THE DATA —
-------

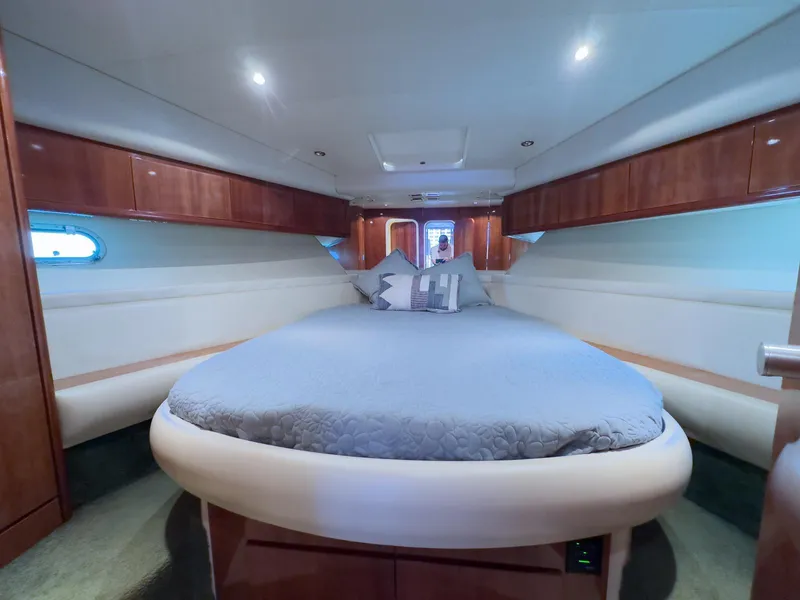 Slide: The Image of Luxurious cabin interior of a 1997 Azimut 43 yacht with elegant wood finishes. - 41
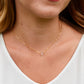 A clear, natural crystal quartz faceted teardrop set onto a 14k gold filled chain. Modeled image.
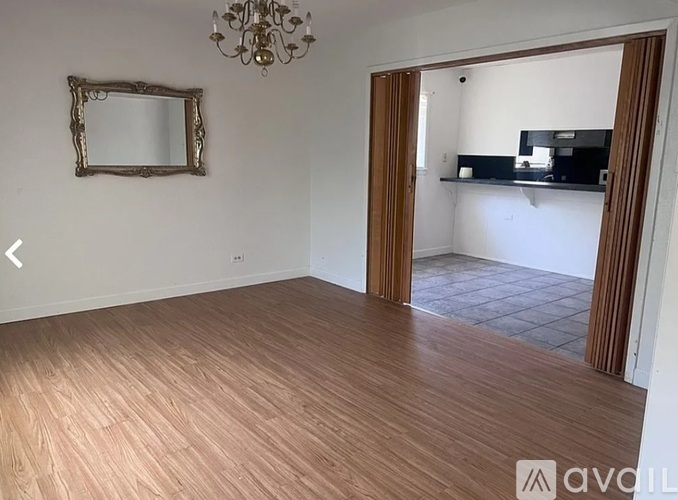 A room with wooden flooring and a chandelier.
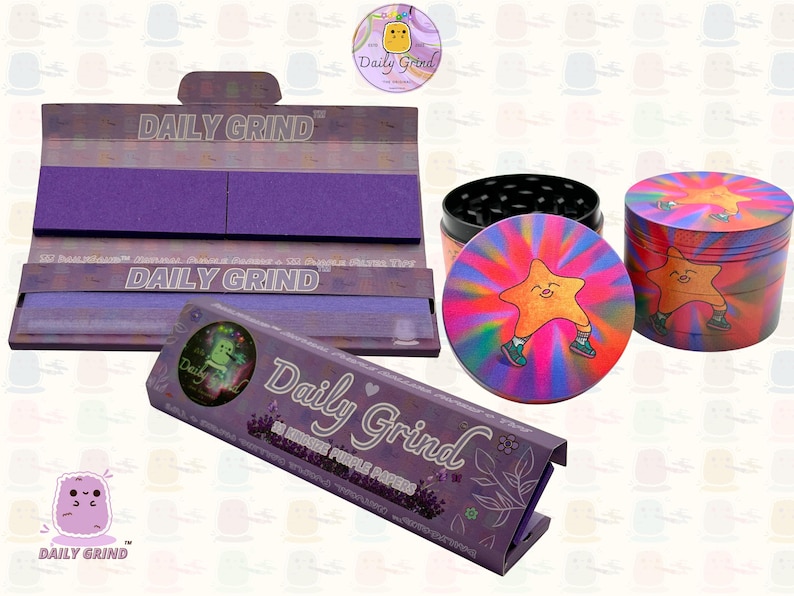 A dark Purple packet and a Green box with the text 'Daily Grind' on both and ‘Kingsize Purple Papers' on one and ‘Kingsize Green Papers’ on the other. Both boxes open showing green papers in one and purple in the other. There is a tobacco grinder with a very happy and confident star character in the middle with rays of light behind him underneath it and The 'Daily Grind' logo is in the corner of the image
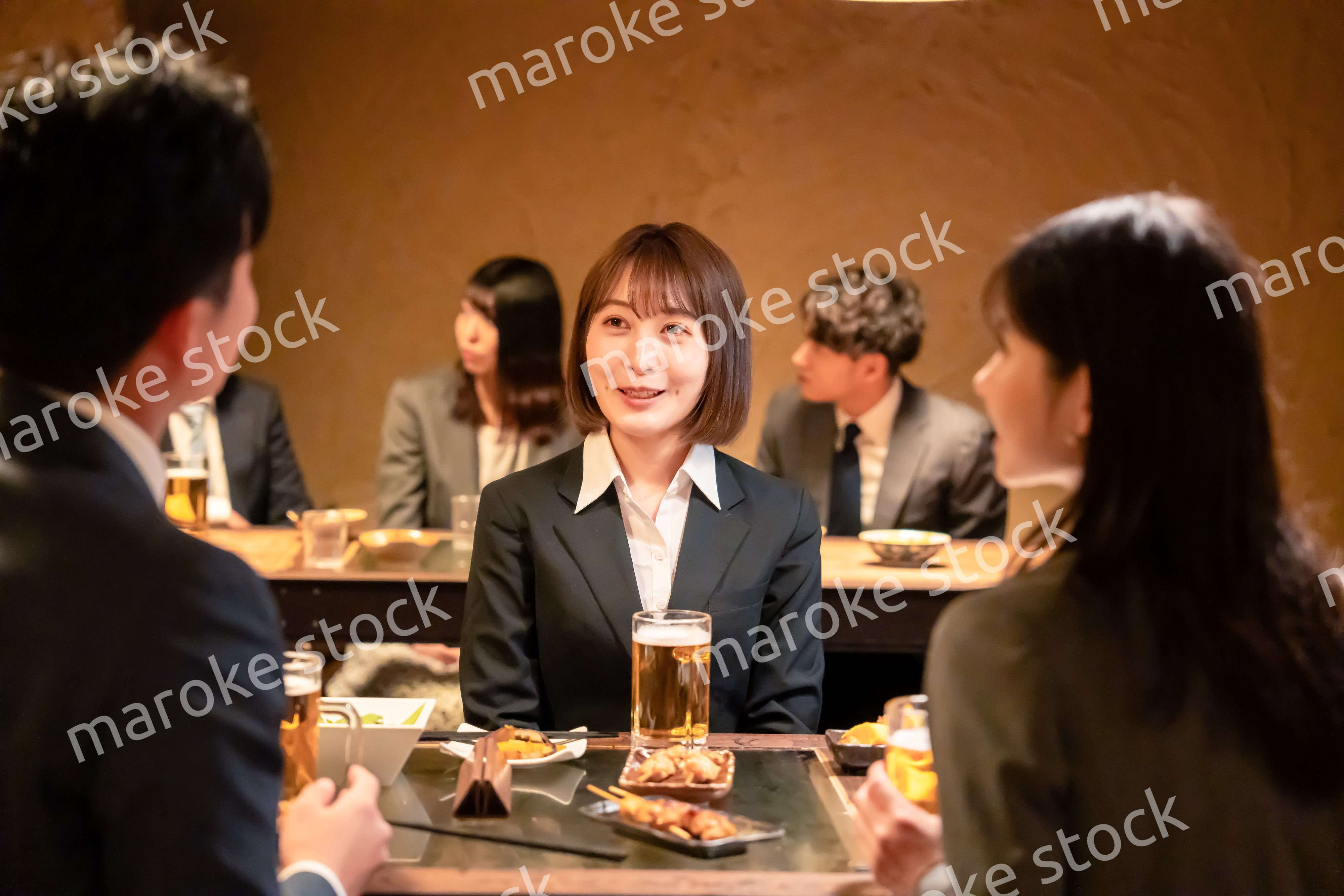 居酒屋で先輩社員とお酒を飲む新入社員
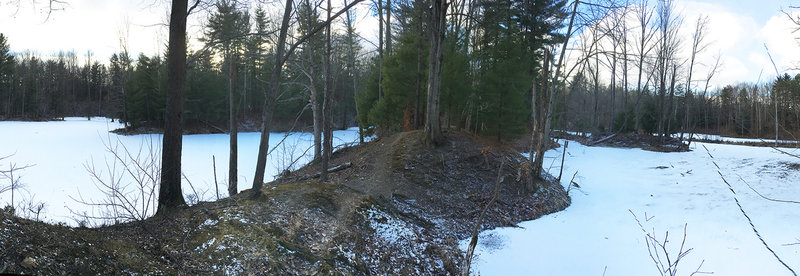 Advanced trail on ridge between two small lakes.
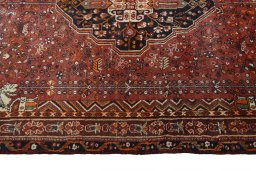 Corner detail of 2000s Shiraz rug showing border pattern and Wool pile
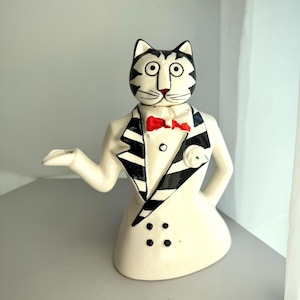May include: A ceramic cat figurine wearing a tuxedo with a red bow tie. The cat has black and white stripes on its head and a white body. The tuxedo has black lapels and three black buttons. A small white flower is pinned on the lapel.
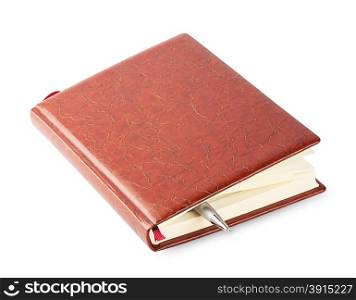 Diary with a brown leather cover and pen isolated on white background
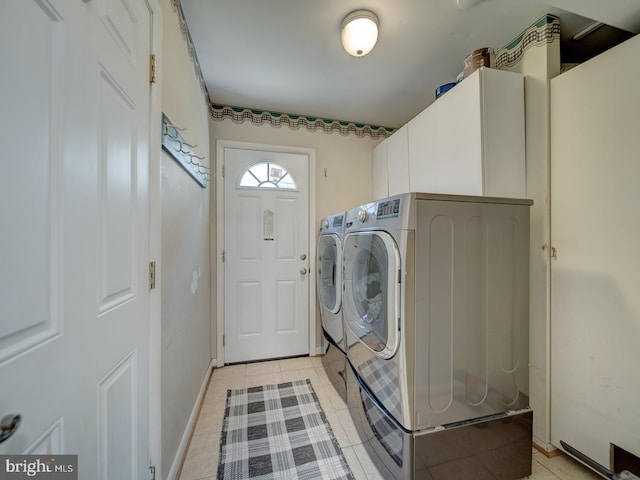 1782 Shaftsbury Ave, Crofton, MD 21114 - washroom with cabinet space, washer and dryer, light tile patterned flooring, and baseboards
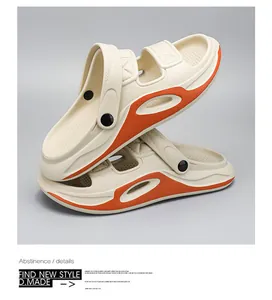 Detail view of men's beige and orange sports sandals with thick non-slip soles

-------

TASK REQUIREMENTS — From the listing above, please give again the lines that begin with the line holding "居酒屋で先輩社員とお酒を飲む新入社員" and go on through the line holding "Diary with a", exactly, both ends included, minus any picture.

OUTPUT —
 居酒屋で先輩社員とお酒を飲む新入社員
 Advanced trail on ridge between two small lakes.
 Corner detail of 2000s Shiraz rug showing border pattern and Wool pile
May include: A ceramic cat figurine wearing a tuxedo with a red bow tie. The cat has black and white stripes on its head and a white body. The tuxedo has black lapels and three black buttons. A small white flower is pinned on the lapel.
 Diary with a brown leather cover and pen isolated on white background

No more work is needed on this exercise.